Warren, though, felt
she was set up by a vocal resident of Morningside.
“Frankly, it was a disgusting display from a small group
of dissidents, many of whom had never been to a meeting,
and only came in and paid dues to accomplish this,”
Warren wrote via e-mail. “Their god, Elvis Cruz,
orchestrated this from head to toe and sat in the back
of the meeting laughing the whole time. … One of the
last comments heard as they were leaving was, ‘Yay, no
more code enforcement.’”
Cruz replied via
e-mail: “Negative. Many neighbors in Shorecrest are
quite angry with her.” He later added, referring to
Warren’s perceived stance on Miami 21: “Warren’s ouster
by her Shorecrest neighbors had to do with her own
actions, not mine. Apparently they found it suspicious
that their homeowners’ association president would
testify in favor of high-rises and against her own
neighborhood.”
Vela also insists
Cruz, a passionate advocate of 35-foot height limits
along Biscayne Boulevard, is not the reason homeowners
decided to remove Warren as their president.
She then quoted
District 2’s former commission representative, Johnny
Winton. “He said to me at a commission meeting a couple
of years ago, when I objected that Shorecrest’s views
were being misrepresented, ‘If you don't like your
elected officials, vote ’em out.’ And that’s just what
we did with Ms. Warren.”
Now Shorecrest
homeowners have a new challenge: finding individuals
willing to volunteer their time to be board members and
maybe president — at least for a little while.
“It’s time for a
change of thinking,” said Maggie Steber, a freelance
photographer who has resided in Shorecrest for the last
eight years. “It’s been a prodevelopment board. We’re
not anti-development, but if there is development it
should be appropriate….”
People
are so angry … very angry and upset.… At the same time,
it’s just been building.”
But even Warren’s
critics acknowledge that finding volunteers willing to
serve on the board, much less run for president, will be
a challenge. Many residents are simply too busy to run a
homeowners association.
“I had a business,”
said Jack Spirk, explaining why he left the board a few
years ago. “We were kind of burned out.”
Five years ago,
Warren, a resident of Shorecrest since 1998, stepped up
to the plate. She was elected president, re-elected the
following year and ran unchallenged the following three
years, she said.
Though Cruz denied
organizing Warren’s dismissal, he did describe it as a
“historic moment.” He e-mailed his “synopsis” of the
event to media and various residents on Saturday, Aug.

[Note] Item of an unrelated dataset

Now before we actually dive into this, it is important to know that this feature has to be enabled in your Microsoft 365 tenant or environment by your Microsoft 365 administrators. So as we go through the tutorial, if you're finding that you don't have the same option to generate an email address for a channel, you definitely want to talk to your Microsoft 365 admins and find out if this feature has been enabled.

4. Cruz claimed that during a May 15 meeting with Miami
officials and Biscayne Boulevard property owners
regarding Miami 21, Warren voiced her support, even
though “it would allow eight- to 12-story-tall buildings
along 79th Street and Biscayne Boulevard, next door to
the single-family homes of Shorecrest. Her response was
‘the people there don’t have a problem with it.’” In
contrast, Sarnoff advocates a three-story limit along
the 79th Street corridor and a 35-foot height limit
along the Boulevard.
Warren said she never
represented herself as president of the Shorecrest
Homeowners Association but as president of the Upper
Eastside Miami Council, which aspires to be an umbrella
group for both residents and businesses in Miami’s Upper
Eastside area. She also insisted that the subject of
height along 79th Street was never discussed — instead
it was property owners’ opposition to a 35-foot height
limit along the Boulevard.
“Twelve stories never
came up,” she said.
Warren said that
under current zoning, unlimited height is allowed along
79th Street. As a T6-8-zoned corridor under the
proposed Miami 21 plan, it would be nearly impossible to
build taller than eight stories on most parcels, Warren
asserted, but then added that a lone possible exception
would be the proposed 79th Street shopping center, where
enough land exists for a 12-story structure. “They could
go even taller under the current code,” she said.
“The city has never
put forward three stories; only Marc Sarnoff [has],”
said Warren. She believed such height limits would hurt
the area economically. “How can you revitalize a
commercial corridor with only three stories?”
Sarnoff, who attended
the July 31 meeting with Commissioner Joe Sanchez to
discuss tree canopy along the boulevard, said he saw
that people were anxious to vote Warren out but left
before the vote. A critic of certain elements of
Plater-Zyberk’s vision for Miami, Sarnoff thinks the
Miami 21 process has ignited passions among homeowner
groups in his district. As for the UEMC, which Warren is
a part of, Sarnoff said, “I think that certain elements
of the Upper Eastside are very friendly to developers
and the pendulum has swung the other way.”
Such was the case in
Shorecrest, where a petition of 135 signatures from that
neighborhood favored a three-story height limit along
79th Street and not a T6-8 zoning code that would enable
the construction of mid-rise buildings there.
Warren also had been
under fire from some residents after she got the rest of
the Shorecrest board to compromise with the Related
Group over Oasis, a project to be constructed on 79th
Street. Warren insisted a 20-story tower was better than
a 35-story high-rise. Many neighbors disagreed with the
compromise and filed a suit against the project.
Then there were the
Upper Eastside Miami Council meetings a few months ago
at which Frank Rollason, a representative of Belle Meade
and one-time candidate for the District 2 seat, made a
motion against supporting the current draft of Miami 21.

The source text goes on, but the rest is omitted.